Quote Originally Posted by jon1959 View Post
If I understand you correctly, I don't understand you.

Everyone dies - most of us are agreed on that. Everyone dies just once - also generally agreed (not sure about Truthpaste!)

When a pandemic hits the excess death figures must be balanced at a later date by lower than normal death figures (allowing for the graph to adjust for changes to life expectancy etc). The impact of the pandemic when it comes to deaths is premature deaths.

I have no problem with the Covid death figures - where the measure is people who have died solely due to Covid (even then the actual cause of death will not be the virus) and those for whom underlying health factors were triggered by the virus bringing on severe illness and death that wouldn't have happened at that time.

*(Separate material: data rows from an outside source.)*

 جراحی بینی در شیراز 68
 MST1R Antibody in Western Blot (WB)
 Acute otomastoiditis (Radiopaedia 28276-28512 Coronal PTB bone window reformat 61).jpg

Where excess deaths gets a bit difficult is where the 'collatoral damage' in a stressed health service leads to more deaths of people where the cause had nothing to do with Covid. Even then it is not a simple case of saying that Covid prevention measures and/or swamped hospitals caused those non-Covid deaths - in those cases where the Covid prevention measures didn't actually protect those vulnerable people.

As other posters have said the government could take other action to mitigate the impact - more/less restrictions, clearer advice and information, added screening capacity, having a pandemic emergency plan that was up to date and properly resourced, different budget choices.

I don't think there is any readily available data set for the UK that can separate those strands out. In the absence of that we get more circular arguments that go nowhere.
This seems about right. The time dimension is critical here. Excess deaths are time specific. And excess deaths this period means a reduced number of expected deaths next period.

There are three scenarios to compare excess deaths for the pandemic:

1. Actuality - pandemic, mitigation
2. Counter factual 1 - no pandemic
3. Counter factual 2 - pandemic, no mitigation

My guess is we'll eventually find excess deaths in the three scenarios will run 3 > 1 > 2.